**SUPPLIED INFORMATION:**
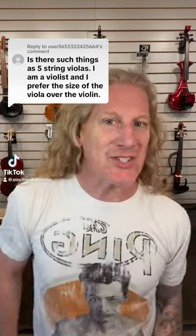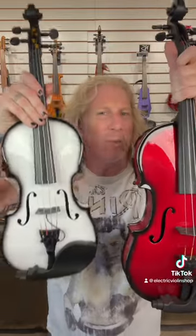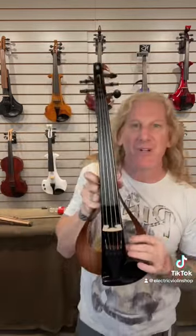Yes, absolutely, 100%. Traditionally violins and violas are very similar, with the violin being sort of the smaller cousin of the viola. Each one of them has four strings, but three of those strings are in common — it's the bottom three strings on the violin and the top three strings on the viola. A five-string violin has violin strings and a viola string, so it's sort of a hybrid instrument.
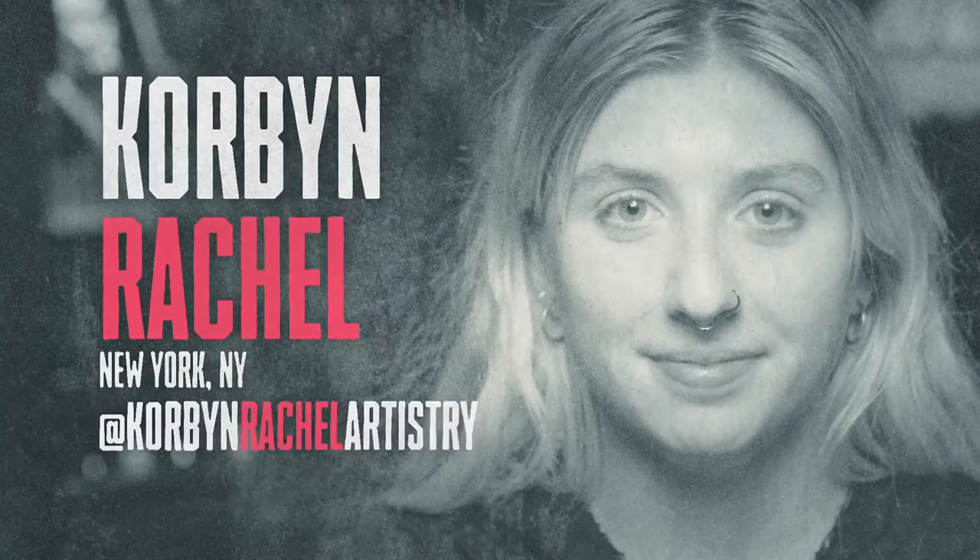I'm Corbin Rachel, and my favorite thing is Halloween. Today I'll be showing you how to become a creepy old lady.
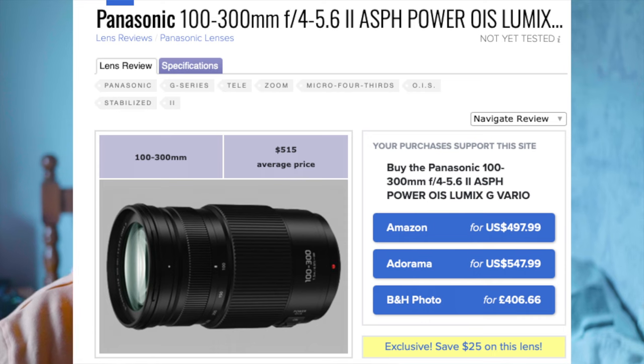This is the Lumix 100-300. It's the second version of the lens — the one with power stabilization as opposed to mega. This was released in 2017, and at the time it got some decent reviews, but I feel like it's just kind of gone under the radar of most people.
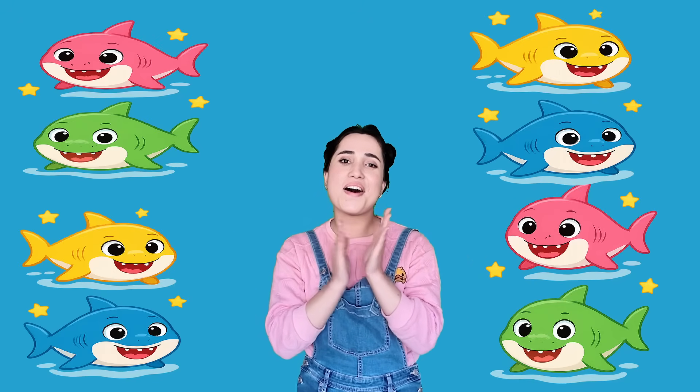Good job! Bye-bye little friends. See you in the next video. Take care!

**WORK REQUEST:**
Restate word for word only the lines that run from the line holding "This is the" to the end of the data, both ends kept, leaving every picture out.

**TASK SOLUTION:**
This is the Lumix 100-300. It's the second version of the lens — the one with power stabilization as opposed to mega. This was released in 2017, and at the time it got some decent reviews, but I feel like it's just kind of gone under the radar of most people.
Good job! Bye-bye little friends. See you in the next video. Take care!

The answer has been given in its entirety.